By Vivian Lawson Hogue

Some of us who are “elderly” observe the ways of younger generations or different upbringings and try to restrain ourselves from rolling eyes and shaking heads. And I know they do the same with us. Our years after age 60 are often called the “Golden Years,” but there is no gold — only years! Most of us might agree that the golden years were those before whatever age it suddenly hit you that your life was your own responsibility.

In our youth, household chores were expected from a family member enjoying the provisions of a “roof over your head, clothes on your back and food on the table.” I am prompted to think of others, now and especially in the long past, who had only those basics, and perhaps none in good shape. Education was minimal, and life’s jobs were hard. As I read my dad’s writings about his formative years, I am still awed by his determination to have a better chance in life regardless of sacrifices. He included his times from childhood living in a log cabin in the hills on a subsistence farm with an outhouse and a cold, clear spring with “sweet” water.

Farm chores existed every day. His dad might cast bullets from melted lead for his muzzle-loading gun. Horse equipment needed to be repaired or made. Wood troughs were made from hollow logs. Gates needed replacing, plow blades sharpened, animals marked, chairs re-bottomed, fencerows cleared. Women’s duties were, of course, sewing, quilting, spinning yarn, cooking and cleaning. Lye soap was made for cleaning and laundering. Butter was churned often and kept in a jar in the springhouse along with milk and eggs.

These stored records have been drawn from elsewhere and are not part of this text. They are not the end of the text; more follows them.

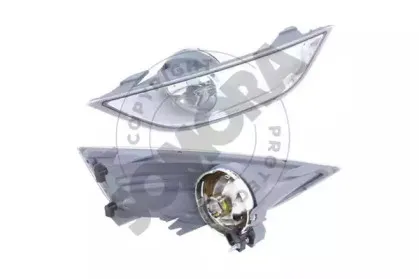 Противотуманная фара SOMORA купить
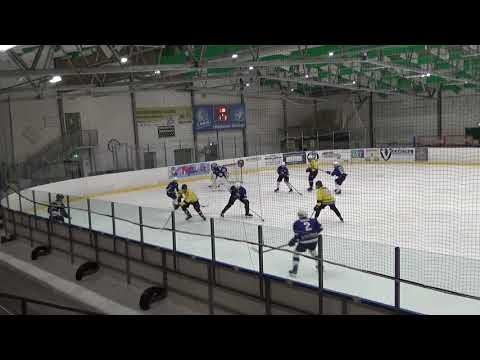 HAKI B2 - SoPa   7-1 (3-1; 2-0; 2-0)  19.01.2020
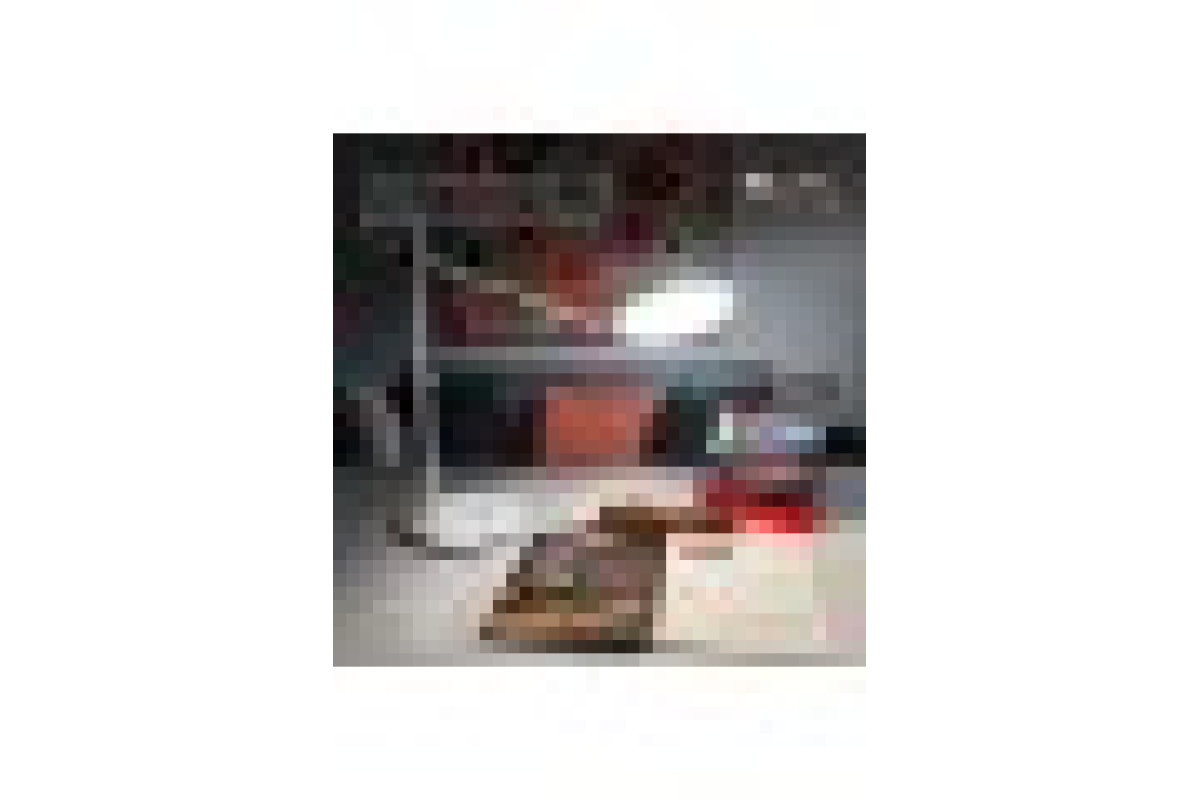 LED лампа настiльна VIDEX VL-TF15W 20W 4100K біла (VL-TF15W)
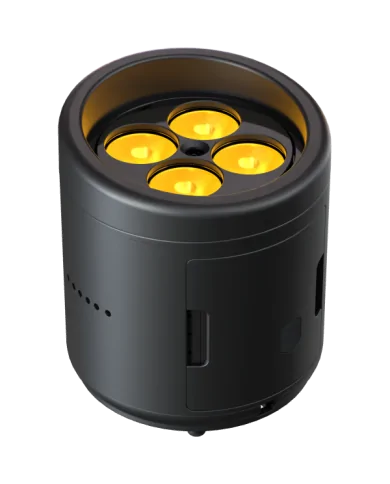 PROLIGHTS Smart BatPlusG2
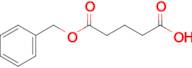 1,5-Pentanedioic acid monobenzyl ester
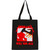 Metallica Tote Bag Kill Em All 1 (Organic)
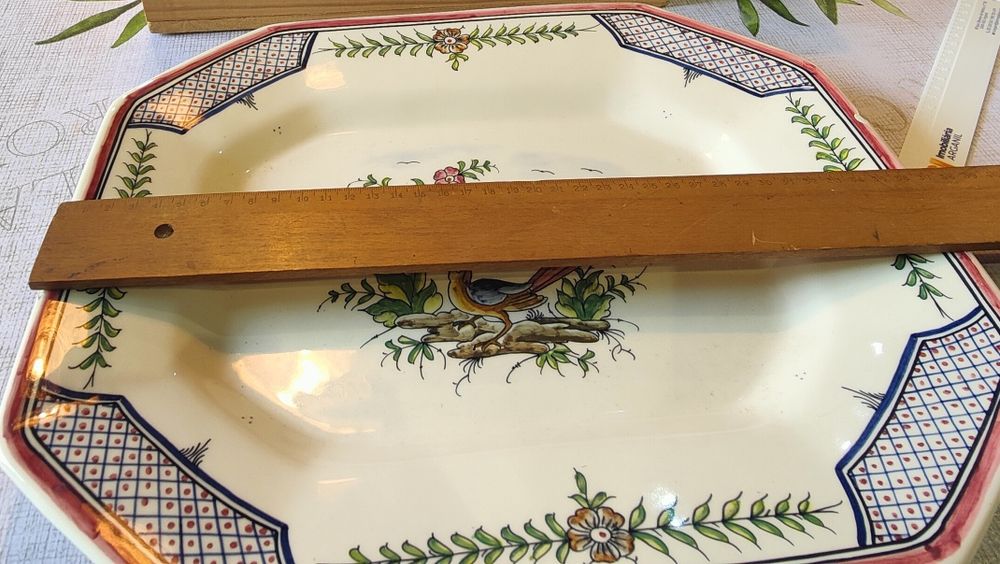 Travessa Real Cerâmica de Coimbra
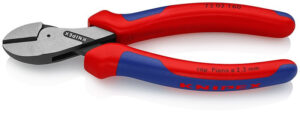 Boční štípací kleště KNIPEX X-Cut ® 160 mm  - 7302160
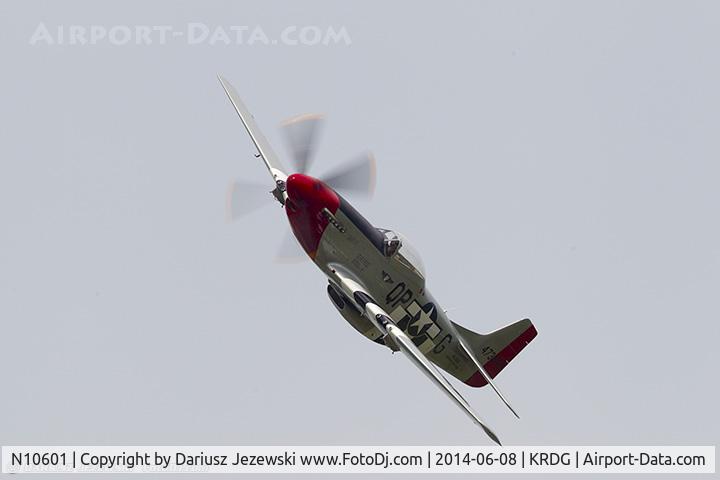 N10601, 1944 North American P-51D Mustang C/N 122-40383, North American P-51D Mustang  C/N 44-73843, NL10601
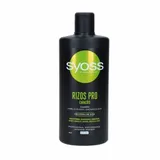 Champô Curls Syoss 440ml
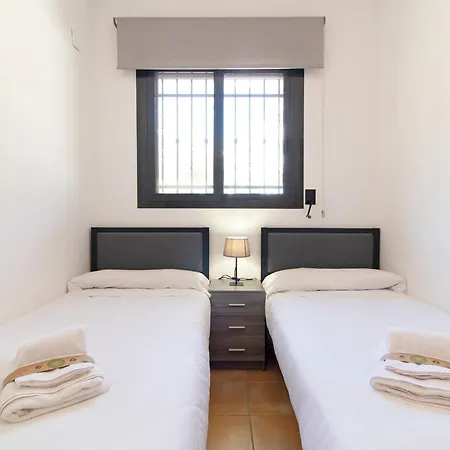 Apartment Global Properties, Con Gran Terraza En Canet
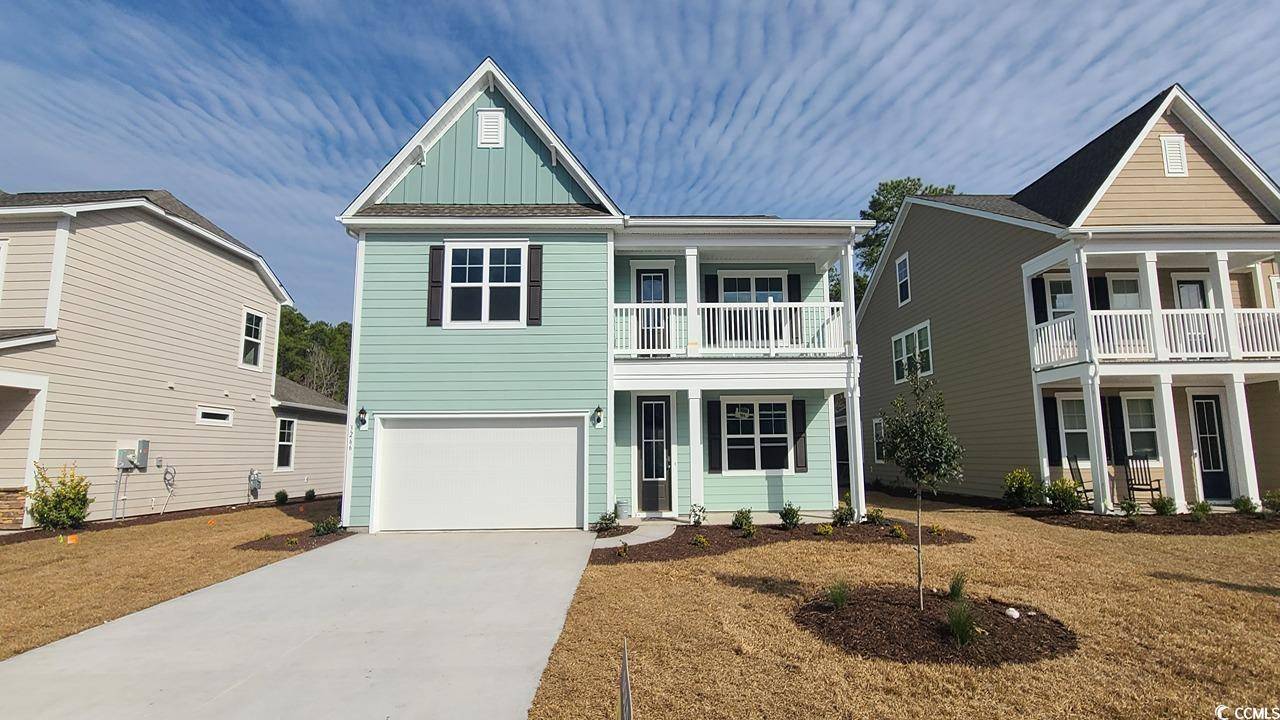 Myrtle Beach, SC 29588,547 Slaty Dr.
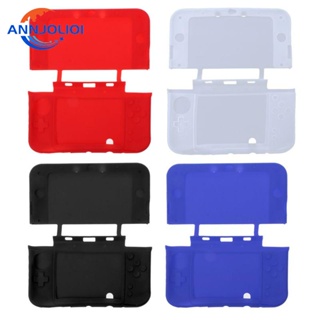 Ann เคสซิลิโคนเจล แบบนิ่ม สําหรับ 3DSLL 3DSXL 3DS XL LL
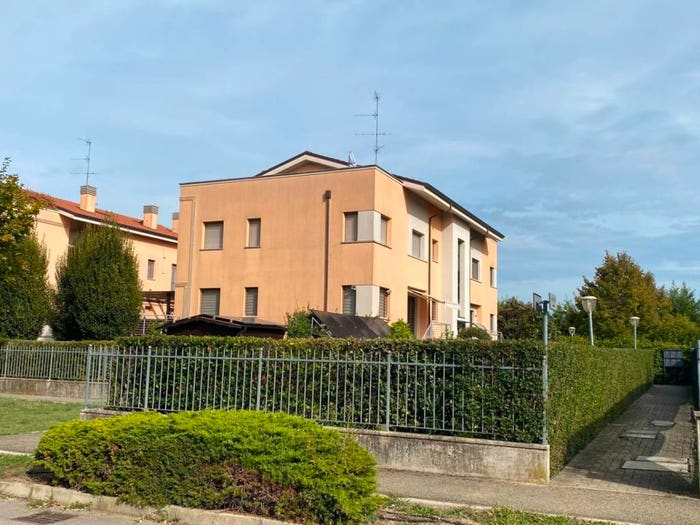 Appartamento quadrilocale in vendita in Via Enrico Berlinguer, Centro, Castel Guelfo di Bologna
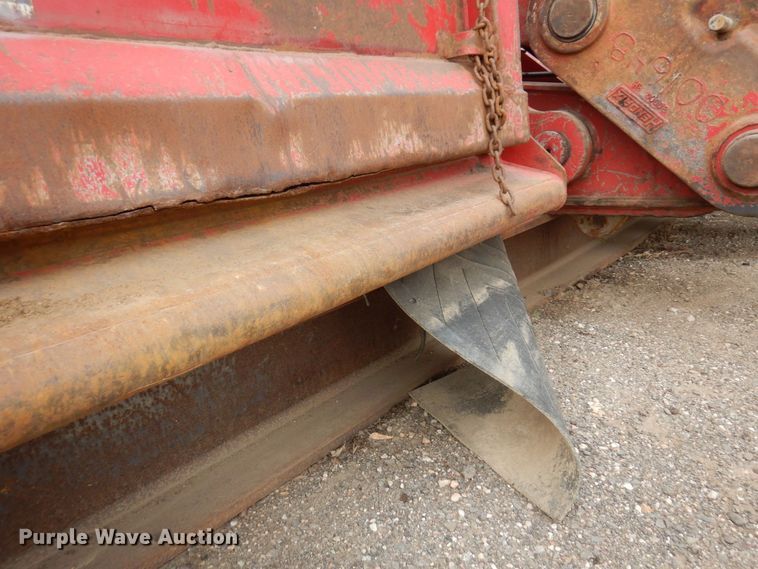 image for item DQ7329 Dump bed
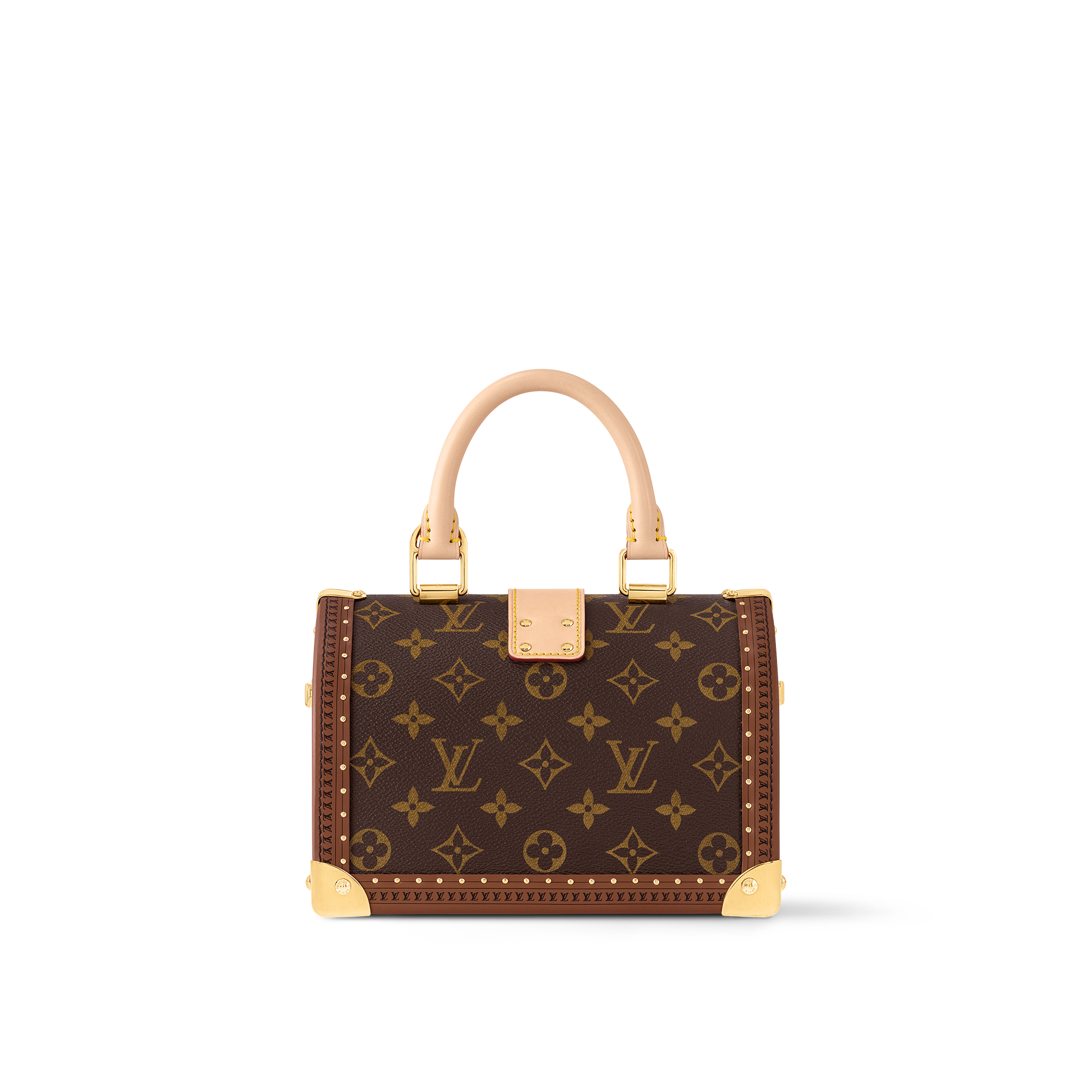 ทรังก์รุ่น Speedy Trunk 20 Monogram Monogram in Les Extraordinaires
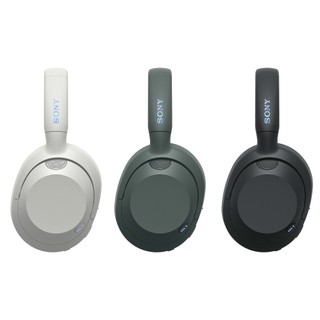 SONY 索尼 ULT WEAR WH-ULT900N 無線重低音降噪耳罩式耳機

Raising food was everyone’s chore if they wanted grandmother’s “choked” biscuits or crusty cornbread with crackling crumbs. Fried pies and fruit or tomato cobbler were among desserts. Potatoes, sweet potatoes, peanuts and all other planted foodstuffs were grown and consumed in summer and canned or stored in the underground cellar for winter. Hams hung in the smokehouse after the hog-killing season. The only “store-boughten” ingredients were spices, sugar, flour, corn meal, vinegar and grits.

Dad finished high school in Imboden (Lawrence County) at the Sloan-Hendrix Academy, a local affiliate of Hendrix College. For two years, he walked three miles to and from school each school day, and he would sometimes be late so he could explore the deep woods and cedar glades, with frogs peeping and Pileated Woodpeckers drilling. He taught there following graduation, meeting a new student of “classic beauty” in 1921.

In that year, he decided to go to the University of Arkansas, making trips by rail, hopping box cars or coal tenders from the northeast corner of the state to the northwest corner. The latter car was an unexpected mistake, discovered when it went through a tunnel and covered him with smoke and soot.

Dad returned home in 1923 and the “classic beauty,” my mother, had graduated and applied to teach. They began dating, and dad continued his studies during the summers. They were married in 1925, and he graduated in 1929. It is not known even yet who paid his tuition. I’m still amazed that an unknown person also sacrificed because of his faith in dad’s drive and interest.

Regardless of hard times and inconveniences, he would earn his bachelor’s and master’s degrees, lacking only a few hours to obtain his doctorate. As a soil scientist and botanist, he preferred being in the fields instead of behind a desk. Those deep woods and cedar glades had their effect.

To bring this story forward a little, I will mention that my husband, Gerald, lived a similar life until about 1966. Living “up the road” in Naylor, his family life was similar. No running water, an outhouse 50 feet from the home and cooling provided by floor fans. Heat was provided only in the living room, first by a wood-burning stove bought at Massey Hardware, then a gas heater. Things improved when his mother bought electric blankets.

Gerald picked cotton for $3 per 100 pounds of picked-clean cotton and $2.50 per pound if still in the boll. He saved up to buy school jeans that cost $3 a pair. At age 18, he got his first job at Chamberlain School Furniture and made a monumental $1.15 an hour! Even with gasoline at 28¢ a gallon, a “Show Bus” transported locals into Conway on Saturdays. The bus fare, a movie, a Coke and popcorn totaled $2 and was well worth the work.

Sometimes people ask if a completed education in whatever form, whether formal or trade-related, is worth it. Yes, for many reasons. Pride in making the commitment; preparedness and willingness to make a living; and wisdom to exercise God-given intelligence and common sense.

Oh, and being able to pay for the roof over your head, clothes on your back and food on the table.